Blick vom Wolfsberg in Reinhardtsdorf-Schöna: Links hinten der Kaltenberg, in der Mitte der Zirkelstein, rechts der Rosenberg. © Mike Jäger

"Wir haben heute unsere Schwierigkeiten damit, dass wir alles genau zuordnen wollen. Dies bei Friedrichs Gemälden zu tun, heißt aber, den Maler gründlich zu verkennen", schreibt Frank Richter in seinem Buch "Caspar David Friedrich: Spurensuche im Dresdner Umland und in der Sächsischen Schweiz". Laut dem Experten und Mitinitiator des Rundwegs entspricht die Darstellung von Rosenberg und Zirkelstein auf dem Gemälde dem Fernblick von der Basteiaussicht.
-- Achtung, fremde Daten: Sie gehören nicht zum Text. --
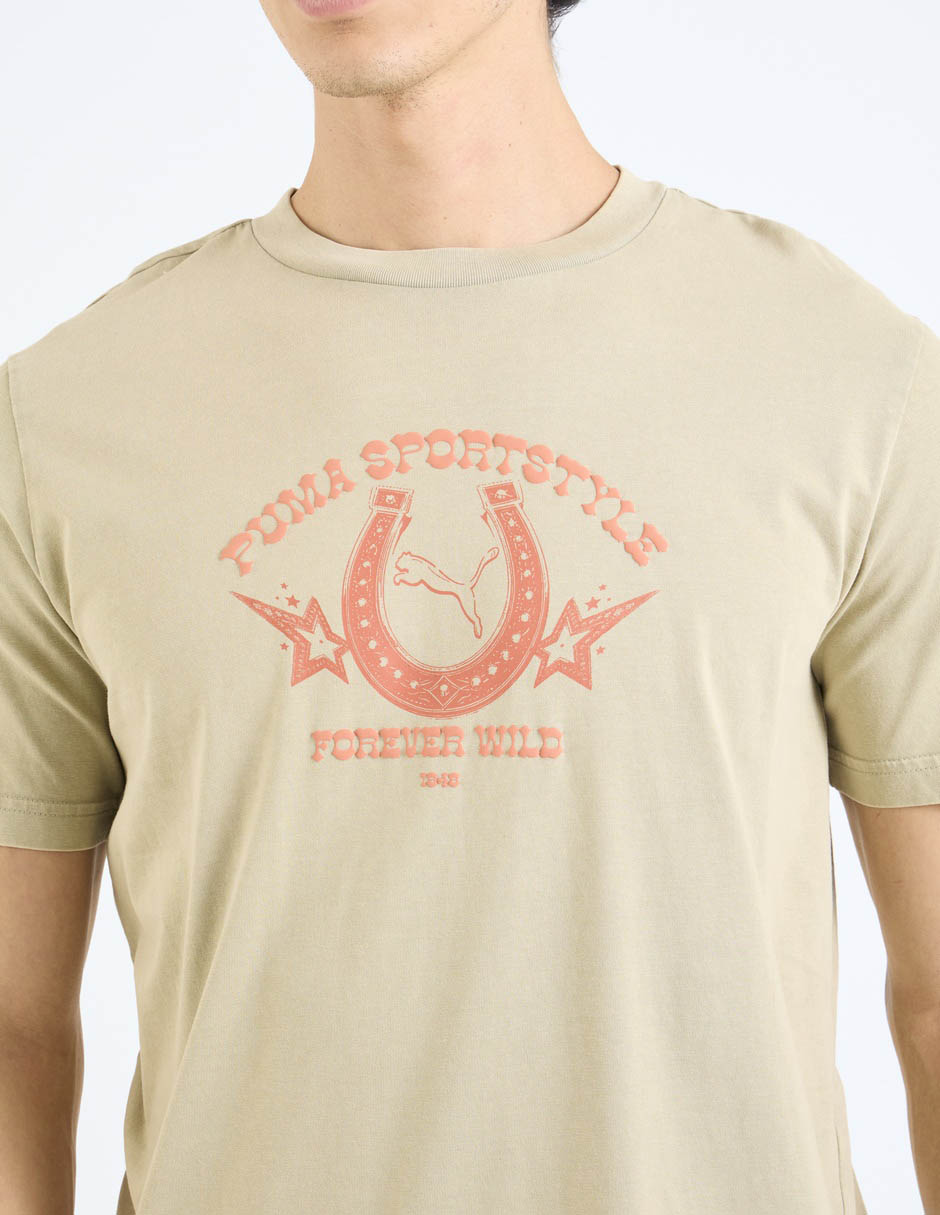 Playera manga corta para hombre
Der Maler hat die Gipfel gewissermaßen herangezoomt.

Die Felsformationen im Mittelgrund des Bildes regen weiterhin den Forscherdrang an. Die Felsgruppe links des Wanderers wurde anhand von Skizzen bisher am Gamrig bei Rathen verortet. Gerd Englick, früher Ortsvorsteher in Krippen und ebenfalls Mitinitiator des Rundwegs, hat jüngst den Vorderen Torstein bei Postelwitz als Alternative ins Spiel gebracht. In der Formation rechts des Wanderers sieht Englick Ähnlichkeiten zum Honigsteinmassiv.

Der Caspar-David-Friedrich-Weg startet am Elbufer in Krippen. Wanderer sollten etwa fünf Stunden einplanen. Der Einstieg ist auch in Reinhardtsdorf-Schöna möglich, dort gibt es einen kostenlosen Wanderparkplatz am Gemeindeamt.